Apart from this, Betacellulin (BTC), a ligand of the epidermal growth factor receptor, has been found to enhance the growth and differentiation into β-cells in a synergistic manner with nicotinamide. Additionally, it has proven to improve glucose metabolism in experimental diabetic rodent models [43]. Step wise differentiation has also been investigated for differentiation of hematopoietic-rich stem cells from rat into β-cells by Gabr et al. [44]. They used 1% DMSO for 3 days, followed by culture for 7 days in a glucose-rich medium supplemented with pancreatic extract. Thereafter, they incubated the cells in low glucose media supplemented with 5% fetal bovine serum, nicotinamide and exendin-4 for 7 more days. These islets like clusters when transplanted in the testes of diabetic rats could normalize blood glucose levels for 3 months in 80% of the treated rats. These therapeutic benefits were reversed after orchidectomy [44].
Very few studies have been done which have documented the efficiency of MSCs from different sources to differentiate into islet cells, on a single platform. In 2011, Zanini et al. compared islet differentiation of mesenchymal stem cells derived from human pancreatic islets (Human Islet Mesenchymal stem cells: HI-MSCs) and mesenchymal stem cells isolated from human bone marrow (BM-MSCs) in a custom made serum-free medium, comprising of a basal medium supplemented with platelet lysate (PL), retinoic acid, activin, GLPI-1, epidermal growth factor (EGF), fibroblast growth factor (FGF), betacellulin, nicotinamide and glutamine for 3 weeks. HI-ILCs (Islet like cells derived from HI-MSCs) expressed PDX1 (pancreatic duodenal homeobox gene-1), insulin, C peptide and Glut-2 whereas; BM-ILCs (Islet like cells derived from BM-MSCs) only expressed Glut-2 and insulin. This group also did a proteomic analysis and highlighted differences in the MSCs according to the site of origin, reflecting their spontaneous differentiation and commitment [45].

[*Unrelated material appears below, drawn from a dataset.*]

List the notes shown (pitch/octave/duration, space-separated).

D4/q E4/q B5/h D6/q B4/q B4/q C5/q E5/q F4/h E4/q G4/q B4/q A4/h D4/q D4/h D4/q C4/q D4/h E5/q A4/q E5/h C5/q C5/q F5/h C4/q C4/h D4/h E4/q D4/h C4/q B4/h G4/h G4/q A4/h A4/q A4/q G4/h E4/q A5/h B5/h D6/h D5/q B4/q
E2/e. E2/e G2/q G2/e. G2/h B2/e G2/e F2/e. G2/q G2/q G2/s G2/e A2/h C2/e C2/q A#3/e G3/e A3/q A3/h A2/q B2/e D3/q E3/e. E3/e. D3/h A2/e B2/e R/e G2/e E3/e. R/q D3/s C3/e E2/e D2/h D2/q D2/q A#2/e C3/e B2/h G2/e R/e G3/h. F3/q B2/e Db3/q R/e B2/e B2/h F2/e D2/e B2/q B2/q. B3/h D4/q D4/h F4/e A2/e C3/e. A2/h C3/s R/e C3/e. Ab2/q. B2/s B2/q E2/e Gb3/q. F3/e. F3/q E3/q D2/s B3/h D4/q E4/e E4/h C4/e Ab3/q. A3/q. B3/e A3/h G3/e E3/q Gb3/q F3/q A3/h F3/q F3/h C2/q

In another study, by Kao et al. [38], three sources of MSCs Wharton’s jelly (WJ), bone marrow (BM), and surgically resected pancreatic tissue were compared with for their in vitro differentiation potential into insulin producing cell and subsequently WJ-MSCs were found to have better proliferation and differentiation potential than pancreatic MSCs and BM-MSCs. Further, after transplantation of these cells, the animals were monitored for their blood glucose levels till 8 weeks. It was found that WJ-MSC derived islet cells showed better glucose control than islet cells derived from BM-MSCs and resected pancreas. The blood glucose levels were significantly reduced at first week and a significant decrease was maintained till 8 weeks.
The in vitro differentiation of MSCs into islet cells may also be clinically relevant as these cells may not present themselves as fully mature β-cells, thereby evading the cycle of β-cell destruction by the immune system.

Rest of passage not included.